Reduction of Aircraft Noise by Wing Design and Add-On Technologies

Kurzfassung

As aircraft noise is a major concern for residents living in the vicinity of airports, this thesis investigates the noise reduction capability of a large and heavy tube-and-wing airliner through design modifications employing a simulation study. The planform parameters determine the airplane's flight mechanics and, in turn, influence the ground noise impact. The planform is changed in a parameter study, and low noise techniques, namely fan sound shielding, ultra-high bypass ratio engine, droop nose, trailing-edge brush, and landing gear fairing, are sequentially applied to the airplanes. Their ground noise is evaluated based on the DLR's awakening criterion.

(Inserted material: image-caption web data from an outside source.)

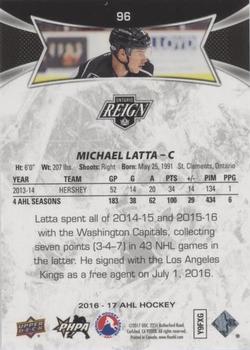 2016-17 Upper Deck AHL - Red #96 Michael Latta Back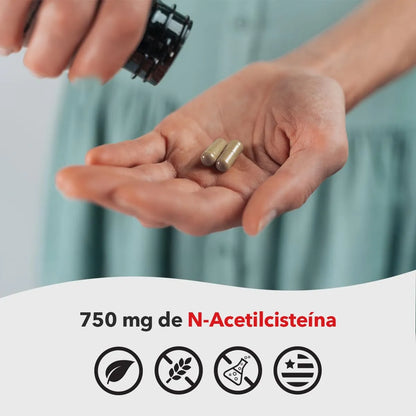 N Acetil Cisteina NAC 60 Capsulas Apoyo Cerebral Higado Corazon Inmunidad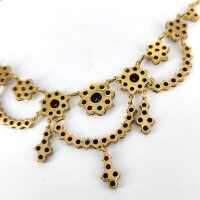 Vintage Granatcollier aus 333er Gelbgold mit tiefroten Granatsteinen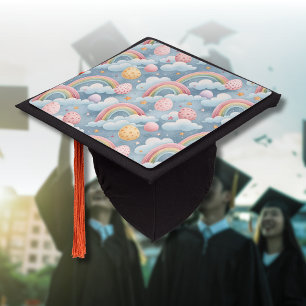 Vintage Pastel Rainbow Easter Eggs with Clouds Graduation Cap Topper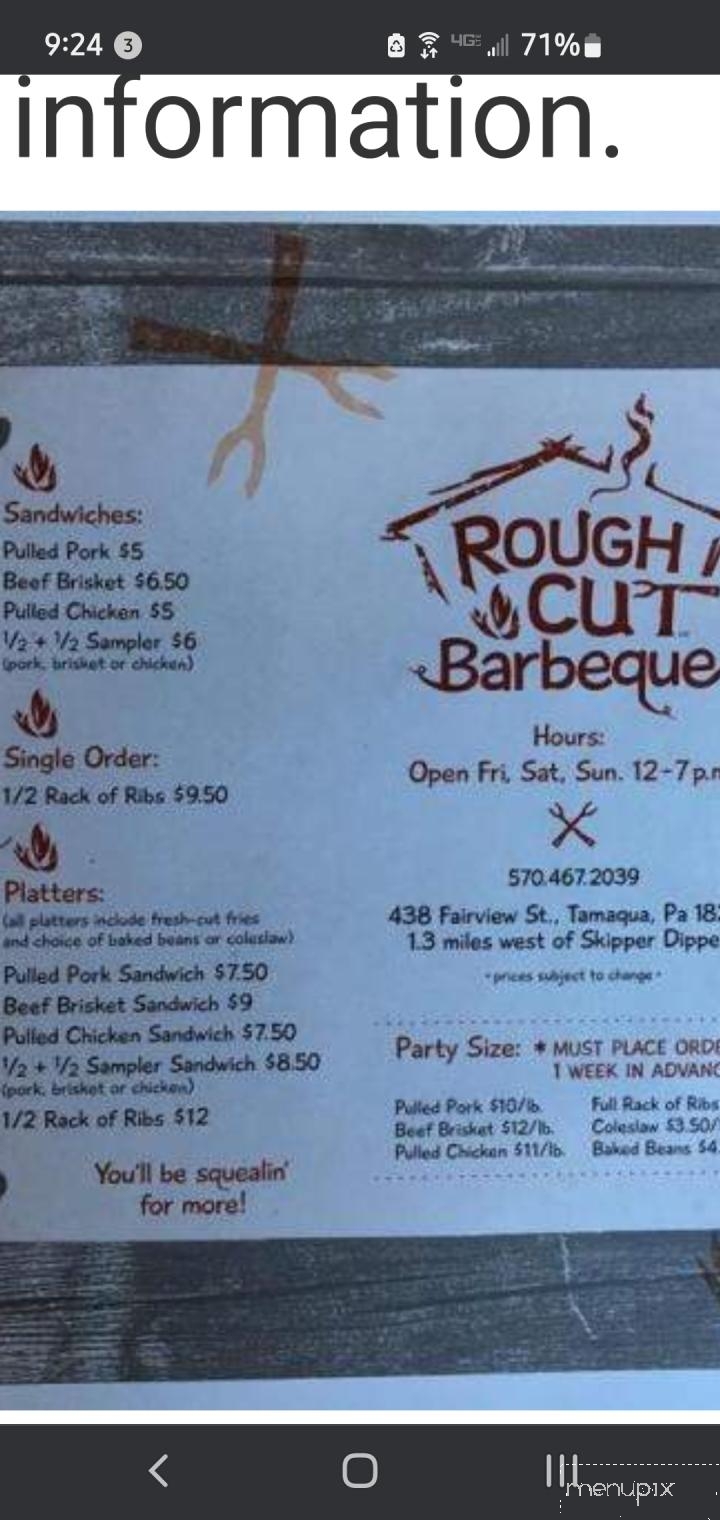 Rough Cut BBQ - Tamaqua, PA menu_pic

Absent of low-noise technologies, the approach speed and the ground track length between the point of break release and the point at which the airplane reached a height of 1200 m are found to be the most important criteria to lower the approach and departure-induced ground noise, respectively. Since the departure-induced ground noise causes the majority of the overall awakening reactions, it dominates the selection process of the optimal airplane design. The application of low-noise technologies influences the airplane's flight performance, which shifts the set of the planform parameter values to achieve the optimal airplane design. In summary, it is shown that the collective consideration of various planform parameters while designing airplanes has been found to be more effective than just the sole application of low-noise technologies to existing airplanes.